Сама проповедь Конфуция и «Лунь юй» показывают, что в Китае не было некой отвлеченной философии, далёкой от жизни. Китайские мудрецы умели удивительным образом связывать мир видимый, каждодневный, изменчивый и мир метафизический, вечный и неизменный, мир чистого духа и сокровенного знания. Можно быть одновременно политиком и философом, великим стратегом и мистиком, как, например, знаменитый военачальник Сунь-цзы (VI–V вв. до н. э.) или как тот же Конфуций, постоянно соприкасавшийся с делами управления. Такая двойственность не характерна для европейской культуры, требовавшей от человека жёсткого выбора – или политик, или отшельник. Китай же, наоборот, ставил во главу угла человека в равной степени духовного и социально активного (это отнюдь не исключало существования отшельников, монахов и аскетов). Более того, человек, не приобщённый к духовным учениям, и правитель, не окруживший себя мудрецами, не мог удержаться на троне, а долг мудреца – предложить свой ум для решения политических проблем. Эти предложения делались в чисто китайской, конфуцианской манере – намёками, хитроумными отказами, т. е. с соблюдением всё того же ритуала прихода мудреца на службу, и эта машина «прихода во власть», запущенная ещё в эпоху Борющихся царств, действовала в течение многих веков.

Само же конфуцианство оказалось не просто набором отвлечённых рассуждений об идеалах человеколюбия, искренности и долге, но вполне практичным социальным и этическим учением. Конфуцианство стало именно той традицией, которая реально воплотила хотя бы часть своих идеалов в жизнь. И, понимая это, в обыденности проповеди Конфуций открывает перед нами внезапный мистицизм самопрозрения человека, что «вечно претворяет изученное».

Слово, оставленное Учителем: «Лунь юй»

То, что нам сегодня известно под названием «Лунь юй», естественно, не является изначальными словами Конфуция и, более того, – хронологически точным описанием событий его жизни. Это скорее труд политический – облик Конфуция в нем подан так, как он представлялся правильным государству. И в этом смысле «Лунь юй» – не книга о том, как говорил и действовал Конфуций, а описание того, как он должен был бы действовать и говорить.

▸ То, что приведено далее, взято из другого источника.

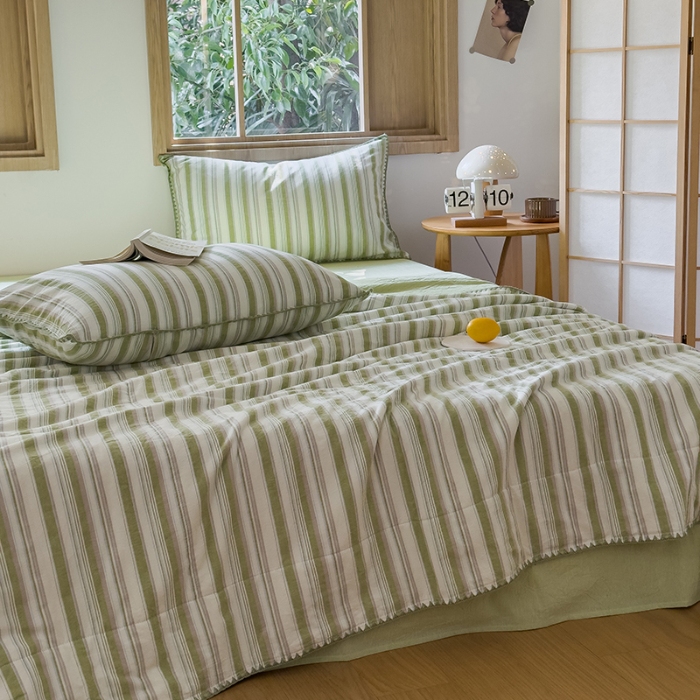 91家纺网 家纺一手货源 找家纺 （总）被窝2025春夏全棉色织水洗棉贝壳边新疆棉花夏被&四件套（提供买家秀）										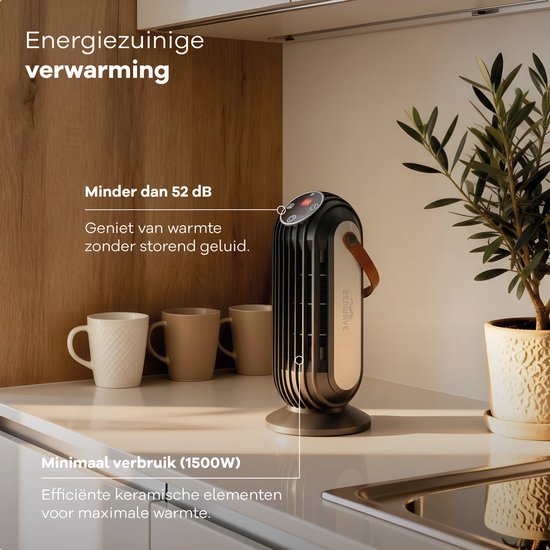 Zenwave Elektrische Kachel met Display - Compacte 1500W Ventilatorkachel - Heater met 2 Warmtestanden en 1 Ventilatorstand - Verwarming Electrisch voor Binnen en Buiten - Zwart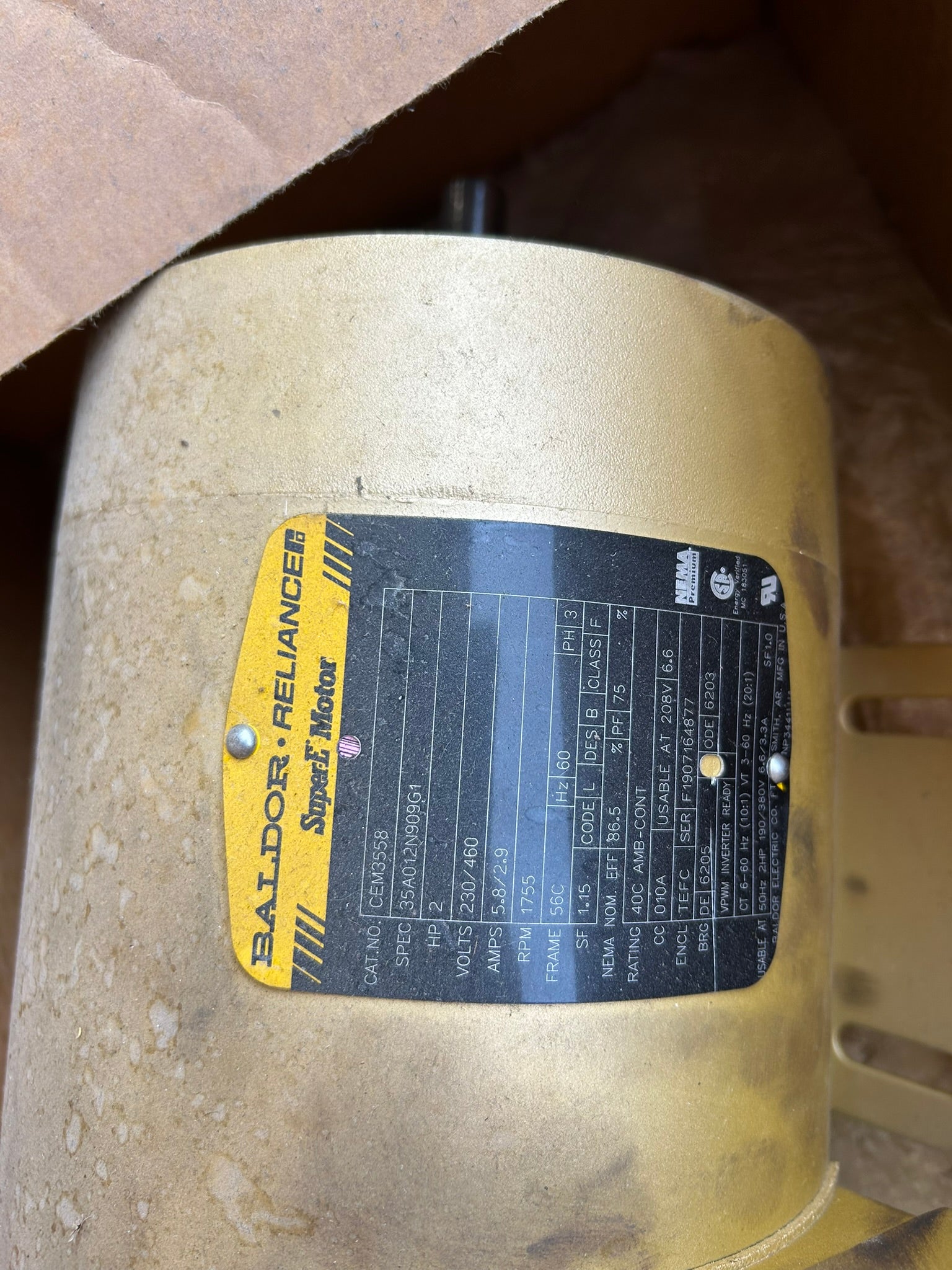 ABB Baldor Reliance CEM3558 Super-E 2HP 3PH TEFC 56C 230/460V Electric Motor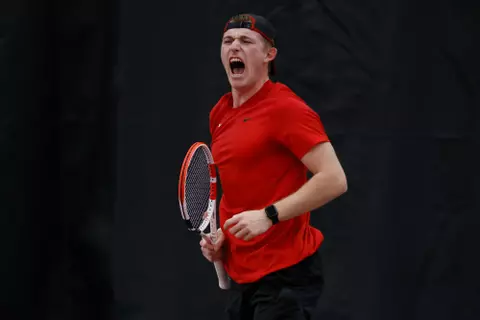 Ohio State men's tennis vs. Virginia Friday, Feb. 2, 2024, in Columbus, Ohio. (Photo/Jay LaPrete)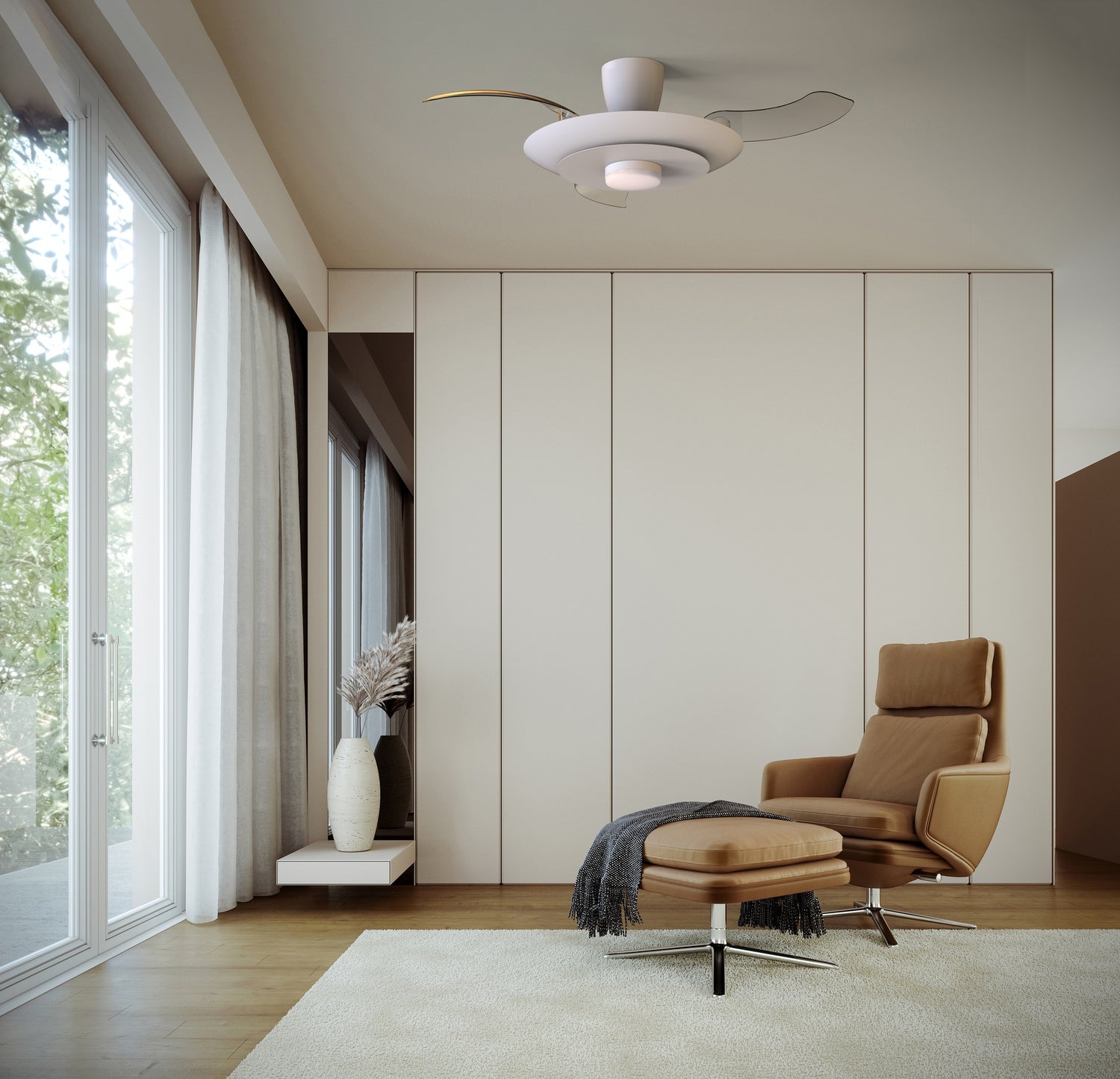 Plafonnier ventilateur KYOTO blanc MANTRA 9518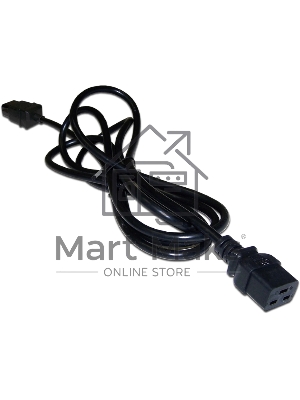 Шнур питания Lanmaster C19-C20, 3х1.5, 220В, 16А, черный, 0.5 метра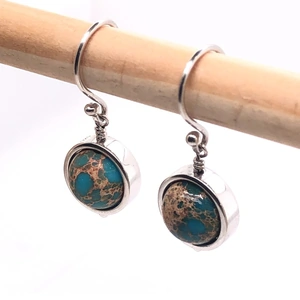 Charles P. Bahringer Jewelry Sterling Silver and Impression Jasper Round Earrings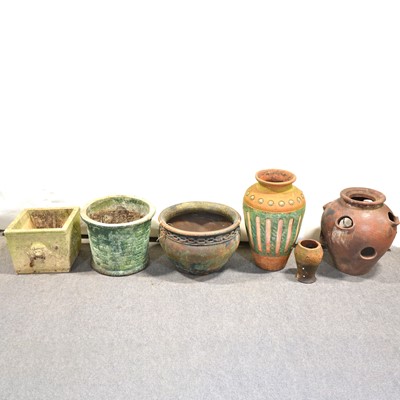 Lot 516 - Terracotta garden planters and vases, stoneware flagons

Очевидно и другое – через бесконечный частокол увещеваний и «мудрых высказываний» проступает живой, реальный Конфуций: громогласный и сомневающийся, осторожный и решительный, торжествующий и покинутый духами. Именно «Лунь юй», а не исторические описания Конфуция, сделали его облик чрезвычайно обаятельным, живым и очень сложным.

Что вообще мы подразумеваем, говоря о «Лунь юй»? На первый взгляд, здесь все достаточно просто – это компиляция высказываний и событий из жизни Конфуция. Частично высказывания, встречающиеся в «Лунь юе», повторяются в «Ли цзи» («Записях о ритуале») иногда абсолютно точно, но чаще в переложении или с небольшими изменениями. Ряд историй и высказываний также повторен в более поздней книге «Мэн-цзы», но так или иначе нигде не встречается точной «кальки» исходного текста.

В современном варианте «Лунь юй» содержит 20 книг или глав. Традиционно главу принято называть по первым значимым словам этого раздела, например, глава первая именуется «Учиться и...», глава вторая – «Осуществлять правление» и т. д.

Известная нам сегодня структура «Лунь юя» сложилась не сразу, очевидно, что по Китаю ходило несколько вариантов или списков этого труда, причем каждый считался «истинным». Такая ситуация складывалась вокруг практически всех известных китайских духовных произведений, в том числе, например, «Лао-цзы», «Чжуан-цзы», «Мэн-цзы»: одновременно циркулировало несколько версий, составленных учениками и последователями, которые оспаривали право первенства и истинности в продолжении традиции.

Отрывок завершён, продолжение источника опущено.